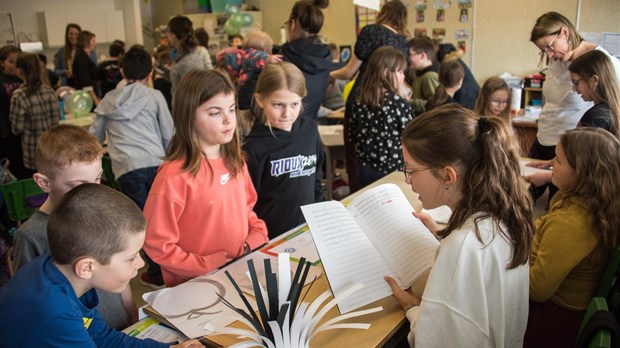 Des élèves de 4e année de Saint-Antonin organisent un Salon du livre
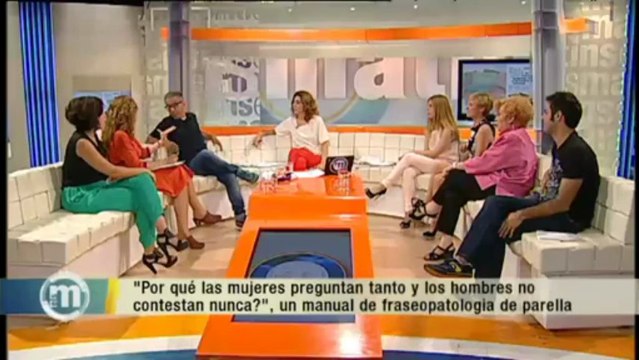 TV3 - Els matins - Por qué las mujeres preguntan tanto y los hombres no contestan nunca? , un man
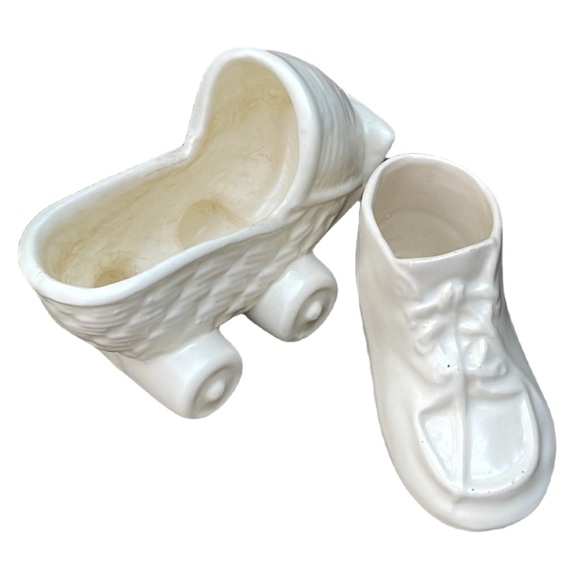Vintage White Pottery Baby Shoe and Bassinet Indoor Planters :: Lot of 2 - Picture 16 of 16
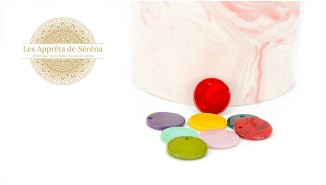 copy of 10 Pendentifs ronds 10mm en nacre naturelle colorée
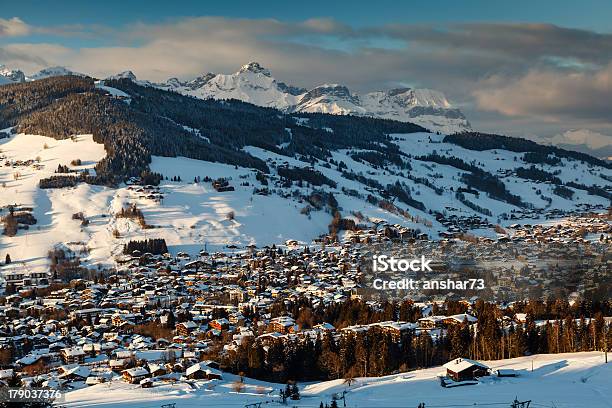 Vista Aerea Del Resort Sciistico Megève Nelle Alpi Francesi Francia - Fotografie stock e altre immagini di Savoia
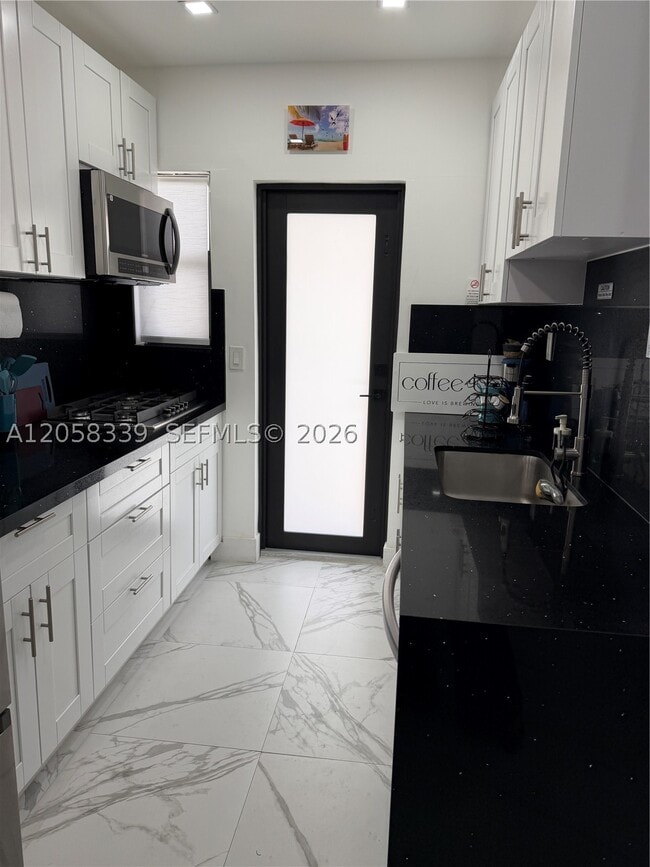 Building Photo - 4015 Indian Creek Dr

§ **DESCRIPTION OF THE TASK**
Would you write out each record above exactly, with no images?

§ **TASK ANSWER**
 Des élèves de 4e année de Saint-Antonin organisent un Salon du livre
 TV3 - Els matins - Por qué las mujeres preguntan tanto y los hombres no contestan nunca? , un man
Vintage White Pottery Baby Shoe and Bassinet Indoor Planters :: Lot of 2 - Picture 16 of 16
 copy of 10 Pendentifs ronds 10mm en nacre naturelle colorée
 Vista Aerea Del Resort Sciistico Megève Nelle Alpi Francesi Francia - Fotografie stock e altre immagini di Savoia
 Building Photo - 4015 Indian Creek Dr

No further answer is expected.